Your assignment: Report every line of the data where the string "Natural" appears.

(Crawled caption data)
- Opening Delimiter -
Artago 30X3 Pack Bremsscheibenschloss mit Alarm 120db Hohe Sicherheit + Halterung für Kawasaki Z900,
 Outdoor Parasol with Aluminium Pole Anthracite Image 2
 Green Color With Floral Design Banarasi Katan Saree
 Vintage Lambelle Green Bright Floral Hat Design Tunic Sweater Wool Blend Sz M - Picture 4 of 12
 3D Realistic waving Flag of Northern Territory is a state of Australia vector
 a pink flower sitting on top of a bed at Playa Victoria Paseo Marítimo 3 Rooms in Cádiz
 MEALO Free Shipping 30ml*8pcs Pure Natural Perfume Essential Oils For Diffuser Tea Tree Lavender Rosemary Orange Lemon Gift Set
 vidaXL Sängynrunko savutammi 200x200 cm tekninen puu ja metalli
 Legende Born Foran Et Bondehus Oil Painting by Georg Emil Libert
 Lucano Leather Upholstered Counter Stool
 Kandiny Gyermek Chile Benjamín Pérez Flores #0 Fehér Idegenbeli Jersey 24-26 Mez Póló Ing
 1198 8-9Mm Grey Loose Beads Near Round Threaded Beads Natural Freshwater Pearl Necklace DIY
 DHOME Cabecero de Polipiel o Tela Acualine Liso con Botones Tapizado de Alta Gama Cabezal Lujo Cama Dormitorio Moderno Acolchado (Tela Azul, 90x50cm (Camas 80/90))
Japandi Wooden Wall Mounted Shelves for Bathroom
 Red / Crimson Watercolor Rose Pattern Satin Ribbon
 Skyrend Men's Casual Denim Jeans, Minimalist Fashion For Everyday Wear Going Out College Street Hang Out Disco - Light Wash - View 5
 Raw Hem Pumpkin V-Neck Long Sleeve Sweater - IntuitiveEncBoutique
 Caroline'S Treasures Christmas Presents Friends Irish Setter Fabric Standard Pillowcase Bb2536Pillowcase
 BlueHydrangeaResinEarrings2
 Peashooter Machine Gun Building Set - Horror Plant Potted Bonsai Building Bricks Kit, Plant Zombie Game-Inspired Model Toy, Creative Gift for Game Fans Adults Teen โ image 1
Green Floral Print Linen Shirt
- Closing Delimiter -
Final answer:
 MEALO Free Shipping 30ml*8pcs Pure Natural Perfume Essential Oils For Diffuser Tea Tree Lavender Rosemary Orange Lemon Gift Set
 1198 8-9Mm Grey Loose Beads Near Round Threaded Beads Natural Freshwater Pearl Necklace DIY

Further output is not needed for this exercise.